Lauren Owens Lambert photography from various projects. © Lauren Owens Lambert. All rights reserved.

Do you have any upcoming plans for your project, such as trips, events or exhibitions?

Yes, I am always moving forward with multiple projects at a variety of stages. One recent event is in New York at the United Nations for World Oceans Day where I am participating with the Ocean Data Alliance. I will be talking about and advocating for the importance of visual communication with ocean science and data communication. I also have two images that were selected as finalists and will be showcased at the U.N. event.

I am in early discussions and fundraising for the Gulf of Maine fishing story and the endangered Atlantic salmon conservation efforts to be made into a documentary and/or show.

Another 2019 project is to build off of a story on sea level rise I started with The GroundTruth Project a few years ago. Through a partnership with Boston Harbor Now, over the course of this year I will continue to photograph the people and businesses who rely on a healthy and productive ocean/harbor.

We hope to bring to light the human and economic side of sea level rise in the area. In January of 2020 we will host an exhibit and panel discussion to bring the community together, because climate change does not pick and choose, it affects us all.

Portrait of Lauren Owens Lambert. © Lauren Owens Lambert. All rights reserved.

Final Thoughts

Lauren Owens Lambert shows the ‘behind-the-scenes’ of modern day conservation and geopolitical happenings. Through her lens, she brings forward the people who work closely with the environment in their daily lives.

Written language is less relied upon through the photographic medium. Stories in conservation challenges are presented within a single image. This breaks language and cultural barriers, reinforcing our connection to each other across the globe, and to nature.

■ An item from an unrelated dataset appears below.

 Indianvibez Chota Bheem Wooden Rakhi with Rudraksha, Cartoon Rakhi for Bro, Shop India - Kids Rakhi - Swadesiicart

With Lauren’s involvement in various climate change and marine focused
projects, we look forward to seeing what footage she captures next.


Lauren Owens Lambert is an environmental photojournalist and filmmaker based in the Boston area whose work has a creative focus in documenting the human aspect of conservation and climate change.

In her work, she places people as part of natural cycles, a perspective that is sometimes lost in contemporary society. She partners and publishes with a variety of news organizations, environmental non-profit and research institutions.